▸ **WHAT IS REQUIRED**
Taking only the lines of the data below from the line with "Pin\'s Funko Collector" to the line with "MUSIC SUN (AUDIO-SUN) logo", ends included, write them out exactly and without pictures.

[Crawled caption data]
BEGIN
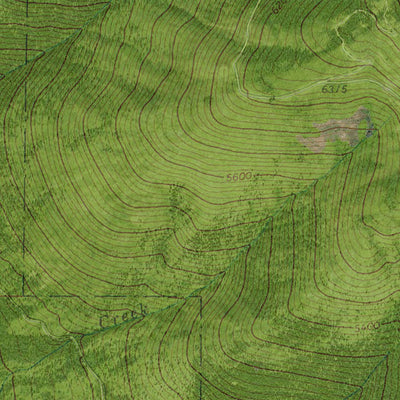 MT-Werner Peak: GeoChange 1965-2011 Preview 2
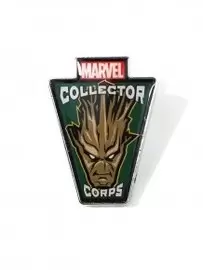 Pin\'s Funko Collector Corpse - Marvel - Groot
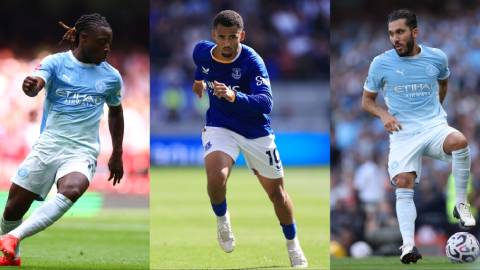  Vì sao Man City si mê những chuyên gia rê dắt?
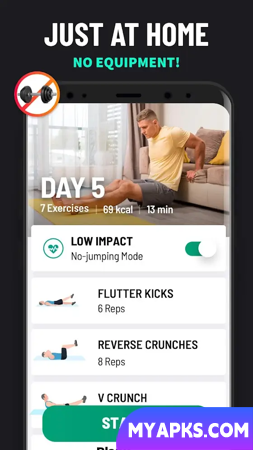 Lose Weight App for Men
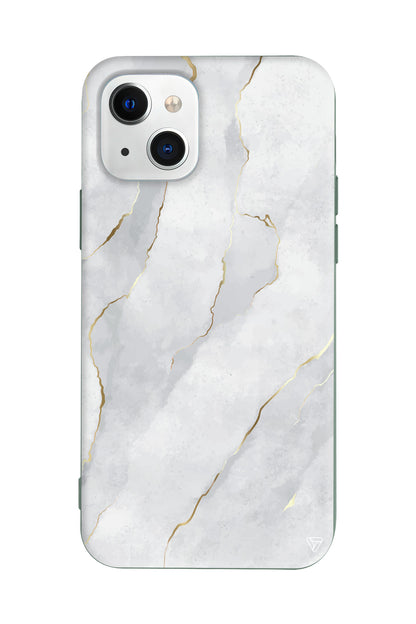 Soft Mermer Lansman Model İçi Kadife Silikon Telefon Kılıfı – Plus Serisine Özel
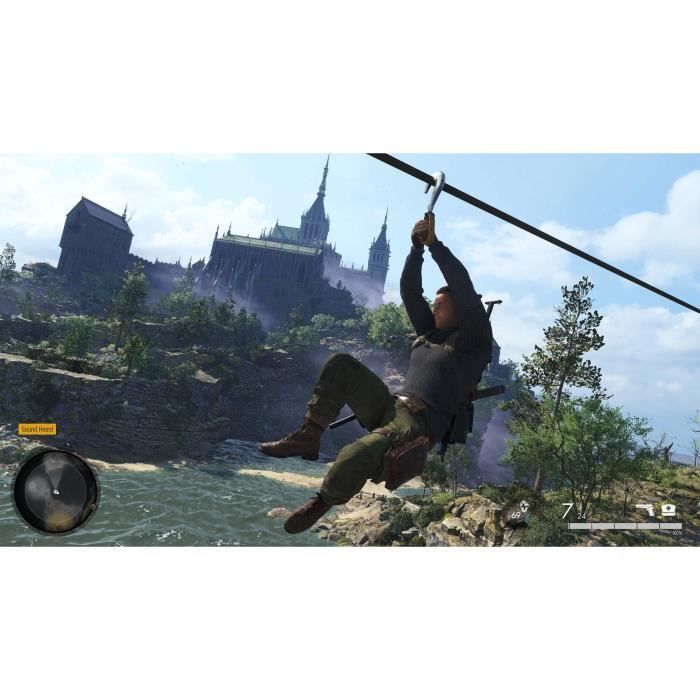 Sniper Elite 5 Jeu PS4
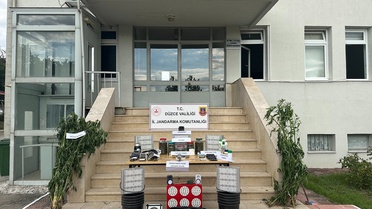 Düzce'de Uyuşturucu Operasyonu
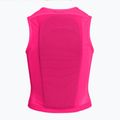 Child safety waistcoat POC POCito VPD Air Vest fluorescent pink 2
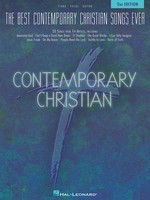 The Best Contemporary Christian Songs Ever - 2nd Edition - Hal Leonard Piano, Vocal & Guitar
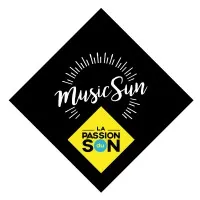 MUSIC SUN (AUDIO-SUN) logo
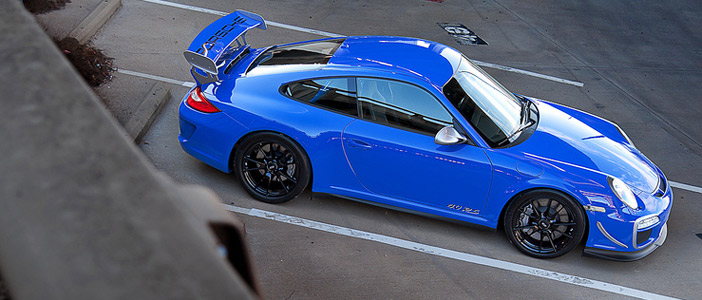 Member Car of the Month Revealed for February 2012, One outstanding GT3 RS 4.0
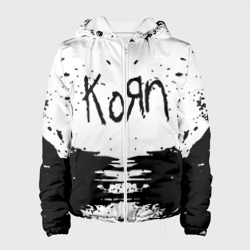 Женская куртка 3D Korn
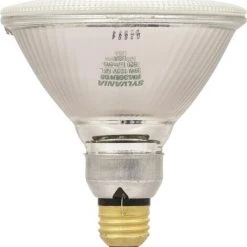 Sylvania 60-Watt PAR38 Dimmable Halogen Light Bulb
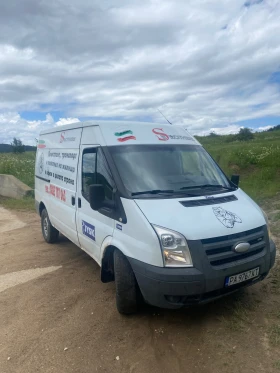 Ford Transit Бус, снимка 6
END
▸ **RESPONSE FOR THIS EXERCISE**
 Pin\'s Funko Collector Corpse - Marvel - Groot
  Vì sao Man City si mê những chuyên gia rê dắt?
 Lose Weight App for Men
 Soft Mermer Lansman Model İçi Kadife Silikon Telefon Kılıfı – Plus Serisine Özel
 Sniper Elite 5 Jeu PS4
 Düzce'de Uyuşturucu Operasyonu
 Child safety waistcoat POC POCito VPD Air Vest fluorescent pink 2
 The Best Contemporary Christian Songs Ever - 2nd Edition - Hal Leonard Piano, Vocal & Guitar
 MUSIC SUN (AUDIO-SUN) logo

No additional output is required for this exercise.